Dinner Monday night I sit again with the NC contingent.  Originally the keynote speaker that evening was Cecelia Muñoz, Director of the Domestic Policy Council at the White House, but she was unavailable due to the shutdown.  The last minute guest speaker instead was Rev. Dr. William Barber, the President of the NC chapter of the NAACP.  I suspect he was in town for the rally the next day.  (I also don't think NC realizes how much we are in the national spotlight.  I was asked multiple times over the two days "What's going on in North Carolina?!"  People had heard about Moral Mondays and I was repeatedly asked to defend my lack of participation in them.  I think a lot of people in NC keep their politics close to the vest out of fear of offending.  I had never been asked before about my not attending.  The Moral Mondays were supported by the NC Conference of the UMC and many of my colleagues participated, including our Bishop, who explicitly invited all of us to come to the final one in Raleigh.  My problem was being overwhelmed by childcare logistics for my daughter who was less than a year old, ate dinner at 5 p.m., the start time, and was in bed by 7 p.m., the average end time.  Anyway, there is a reason NC outnumbered other states and Methodists outnumbered other denominations at this summit - national attention is on us.)  
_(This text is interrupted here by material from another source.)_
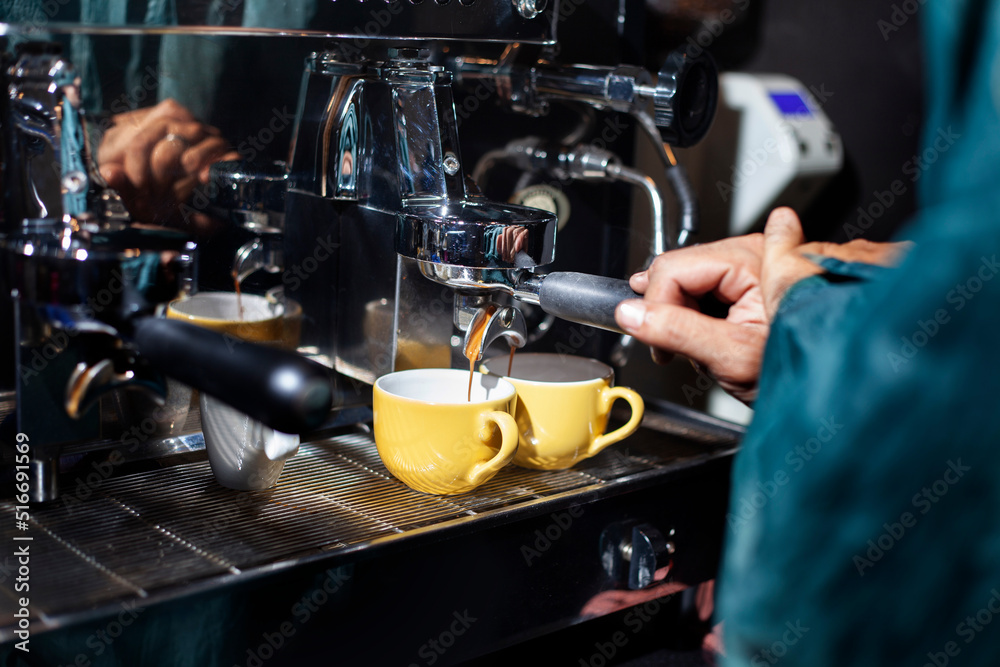 Making two cups of espresso with a coffee machine. Making two cups of espresso with a coffee machine.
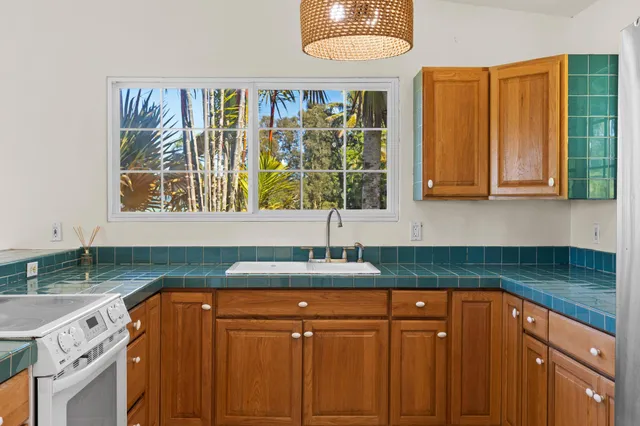 a kitchen with a sink and large window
Dr. Barber first invites a singer to lead us in a Moral Mondays' song - "Hold on... I know one thing we did wrong, we stayed in the darkness a little too long.  I know one thing we did right, we started to fight for immigrant rights.  Hold on..."   One of the first things Dr. Barber mentions is the Doonesbury comic strip from the Sunday newspaper the day before, which is titled "Spotlight on North Carolina" (http://doonesbury.slate.com/strip/archive/2013/10/06).  I also learn that Dr. Barber and I had the same preaching professor at Duke Divinity School, Dr. William Turner, although a couple decades apart.  Here are the other things I jot down:
"Even if the original writers [of the Declaration of Independence] were all male, even if they didn't mean it, they shouldn't have put it on paper... all men are created equal and they are endowed by their creator with certain inalienable rights..."
"It is just mean to not let people share in what they help build."
"Why did we allow 'welfare' to become a dirty word?"
"Texts and emails aren't going to get this done.  We must follow Jesus to the cross."
"The time is now to stand, not as Democrat or Republican, but as prophets who say: 'Remember!'"
Citing Romans where Paul talks about showing love for the alien (which is the King James translation of 'stranger'), treat them as brother and sister, treat everyone right in the law and in Christ.
"However they got here, show them God's love."

Afterward, the NC group is gathered for a picture with Dr. Barber.  I end up right next to him in the picture and that is when I decide my District Superintendent needs to know what I'm up to.  In case this picture circulates (although I haven't seen a copy of it yet), my supervisor ought to know what's going on.  So later that night I friend her on Facebook :)  That night is also the first time I get an inkling that Tuesday's rally won't just be a rally but will involve something more.   There is a reason that I comment on Facebook that I feel like a rebel.  I am flippant about it for my friends who disapprove while also wanting to continue to post about my trip.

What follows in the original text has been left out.